Paris in the 1880's attracted a host of American artists seeking to immerse themselves in the ways of Impressionism and Childe Hassam was part of this migration. In 1886 the artist and his wife settled in Paris where they would remain for the next three years. During this period Hassam painted In the Doorway, drawing strong inspiration from the Paris environs. With broken yet controlled brush strokes, sophisticated command of color, atmosphere and light, In the Doorway represents Hassam's early forays into American Impressionism with the likelyhood of some later modifications made by the artist.
Hassam moved to Paris with the intent of "refining his talent in the larger crucible of contemporary art." (D.F. Hoopes, Childe Hassam, New York, 1982, p. 13) While in Paris, Hassam studied at the Academie Julian though his experience at the school was neither favorable nor beneficial to his art. Hassam wrote: "The Julian Academy is the personification of routine...It is nonsense. It crushes all originality out of the growing men." (as quoted in U.W. Hiesinger, Childe Hassam American Impressionist, New York, 1994, p. 32) Working independently of the Academie, Hassam learned his most important artistic lessons on his own. During this time Hassam's style exhibited a subtle shift away from his more static approach evident in his works from his earlier Bostonian period and absorbed various tenets of Impressionism.

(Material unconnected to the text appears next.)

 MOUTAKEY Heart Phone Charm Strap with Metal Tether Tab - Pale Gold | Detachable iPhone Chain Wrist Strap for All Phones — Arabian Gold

Hassam, however, consistently rejected the classification of Impressionist. Donaldson F. Hoopes writes: "If the search for the equivalent in paint of the light of nature involved borrowing some of the Impressionists' innovations, then he borrowed, but at no time in his career did Hassam subordinate the emotional content of the represented image to a supremacy of color or technique. Indeed, most of his paintings from the Paris years also tell of his search for a synthesis of his commitment to realism and the demands of a viable plastic expression." (Childe Hassam, p. 13) The present painting, In the Doorway reflects Hassam's melding of styles that would come to define the power and creativity of his art.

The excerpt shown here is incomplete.